Give the records again exactly, but drop the pictures.

Data supplied Block Start

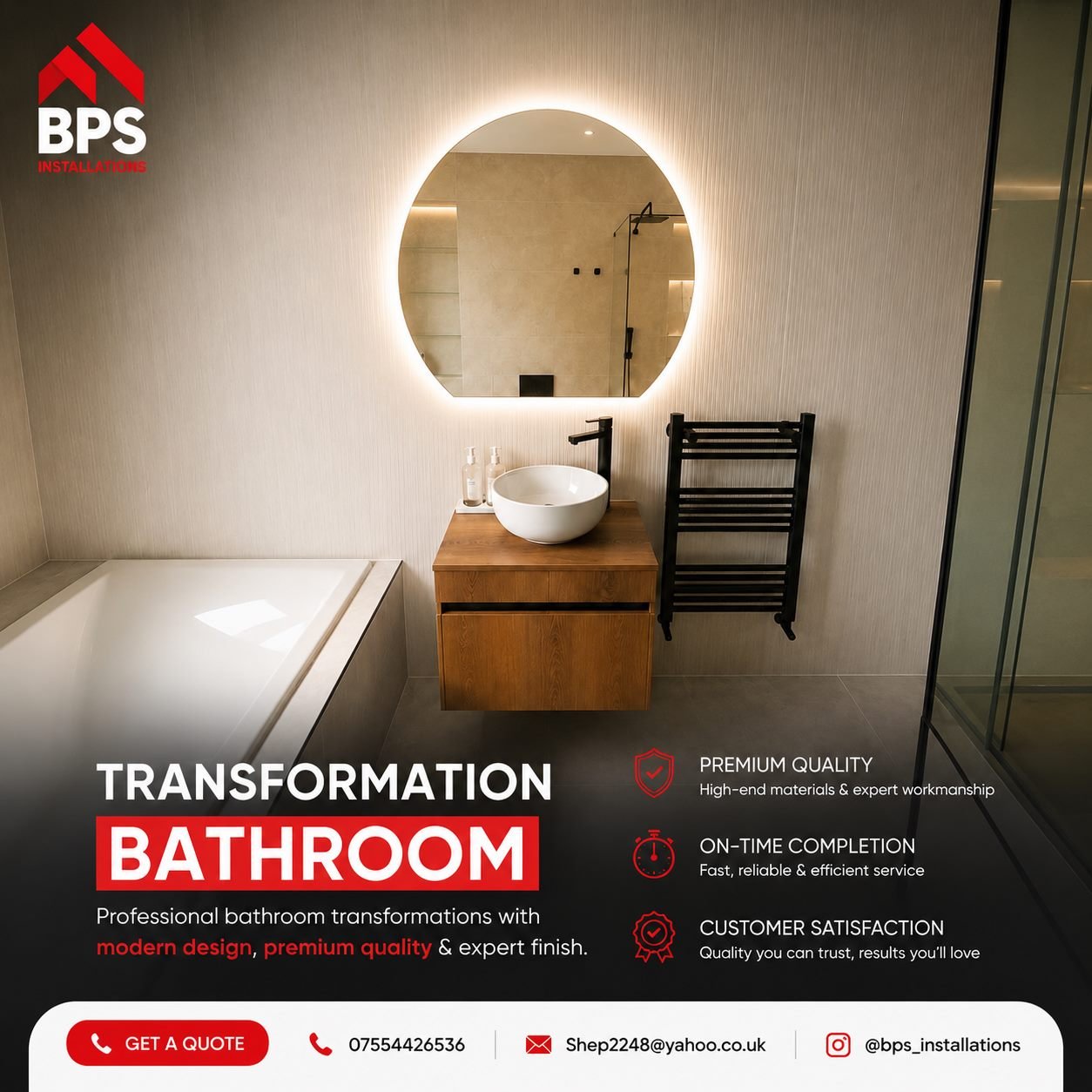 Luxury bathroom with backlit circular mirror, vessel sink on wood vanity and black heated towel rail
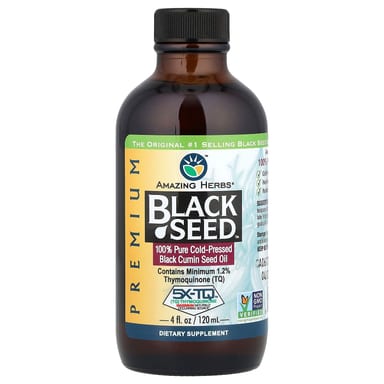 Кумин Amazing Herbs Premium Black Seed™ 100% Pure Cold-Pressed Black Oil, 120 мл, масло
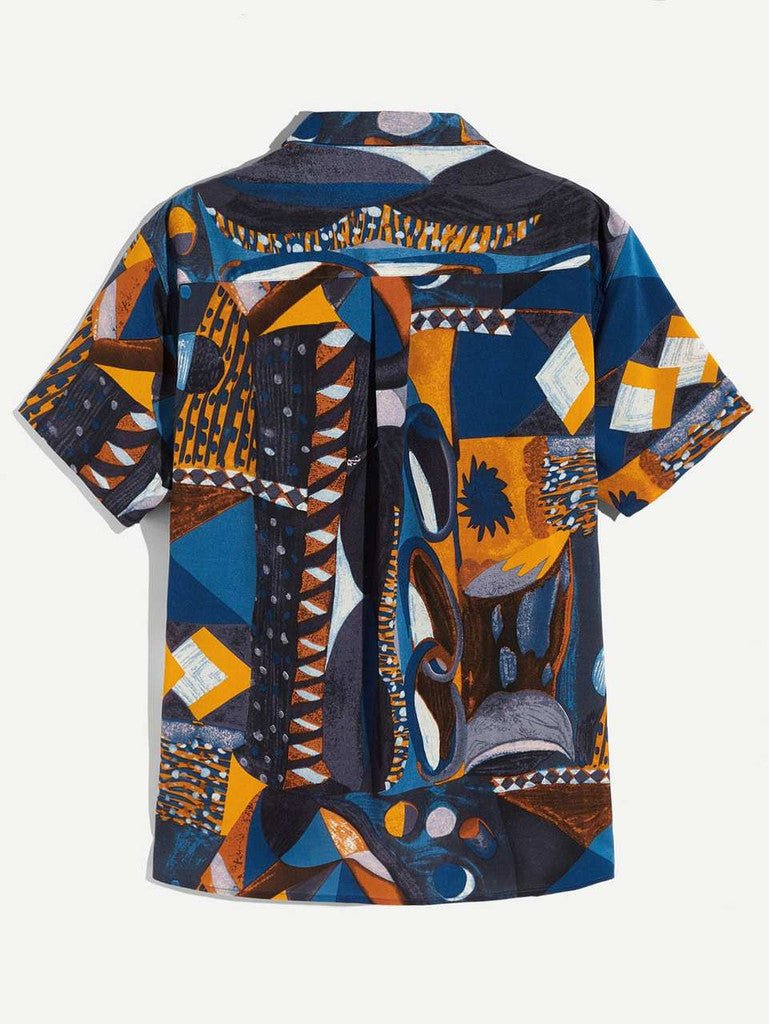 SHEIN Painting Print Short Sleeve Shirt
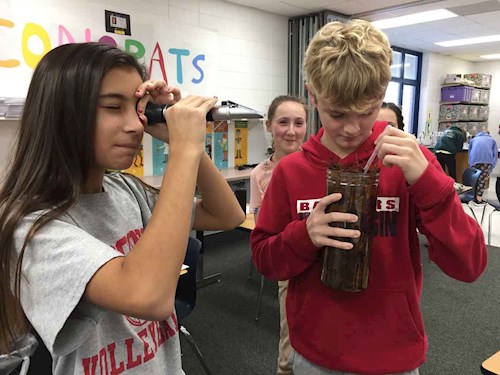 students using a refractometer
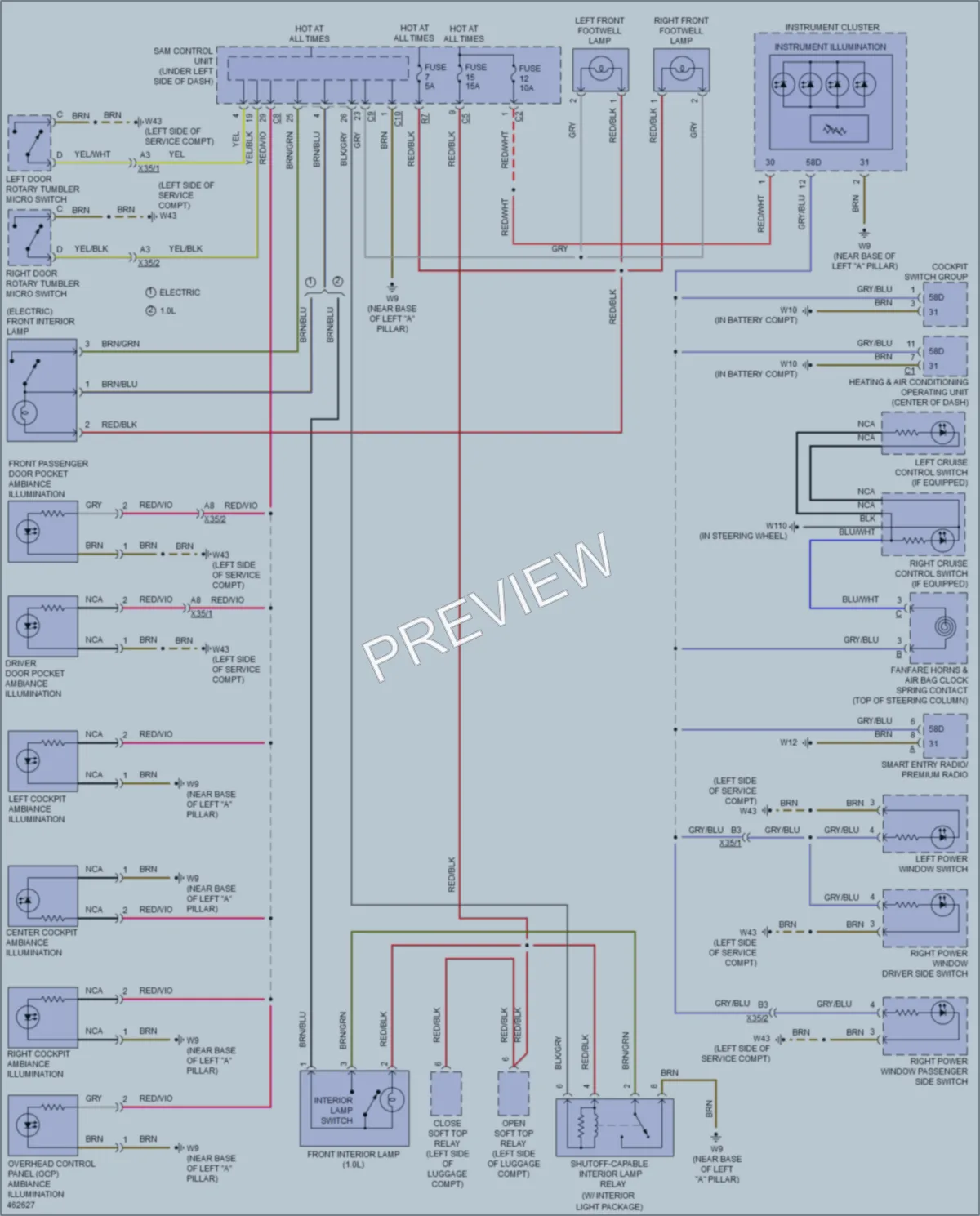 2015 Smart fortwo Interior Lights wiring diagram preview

Data supplied Block End

[Worked solution]
 Luxury bathroom with backlit circular mirror, vessel sink on wood vanity and black heated towel rail
 Кумин Amazing Herbs Premium Black Seed™ 100% Pure Cold-Pressed Black Oil, 120 мл, масло
 SHEIN Painting Print Short Sleeve Shirt
 students using a refractometer
 2015 Smart fortwo Interior Lights wiring diagram preview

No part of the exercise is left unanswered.